La détresse et l'enchantement
de Gabrielle Roy

critiqué par Cuné, le 10 juillet 2005
( - 52 ans)


La note:  étoiles
Comment se forge une personnalité
Début de l'autobiographie de Gabrielle Roy, c'est vraiment le coeur serré que l'on s'arrête à la dernière page, alors qu'on en est encore au tout début de sa vie, qu'on a l'impression que tout reste à venir.
Elle nous parle comme à des amis, mêlant de jolies expressions poétiques son récit, limpide, pur et charmant.
"Est-il donc possible qu'on ait en soi de quoi remplir des tonnes de papier si seulement on arrive à saisir le bon bout de l'écheveau ?" demande-t-elle.
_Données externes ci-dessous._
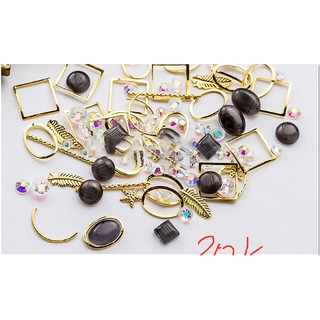 đá mắt mèo charm set tráng trí móng nail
Dans son cas, à n'en pas douter.
J'ai beaucoup ri aussi au récit de son arrivée à Paris, ses mésaventures sur le quai de la gare, cette vision des français est toujours d'actualité !
Toujours, elle semble s'étonner de la sympathie et l'affection qu'elle suscite spontanément, si seulement elle pouvait savoir comme 21 ans après sa mort, c'est toujours le cas....
J'ai trouvé aussi qu'elle démontrait un énorme courage, de partir ainsi à l'aventure en Europe, seule, à l'époque...
Bref, j'aime beaucoup Gabrielle Roy, elle me fascine et m'est très proche tout à la fois. Je suis heureuse qu'il me reste encore d'autres livres d'elle à découvrir.
Mon amie, ma sœur… 10 étoiles

Humble et surtout honteuse, je l’avoue, La Détresse et l’Enchantement est ma première lecture de cette grande écrivaine. Pourtant, ce livre repose sur les rayons de ma bibliothèque depuis sa parution, en édition Boréal Compact, en 1996, presque vingt ans!
Il m’aura fallu une enième disette de lectures exaltantes pour que je cède à la recommandation passionnée d’un de ses innombrables admirateurs, ici, chez nous, et entame finalement la lecture de cette grande œuvre ultime.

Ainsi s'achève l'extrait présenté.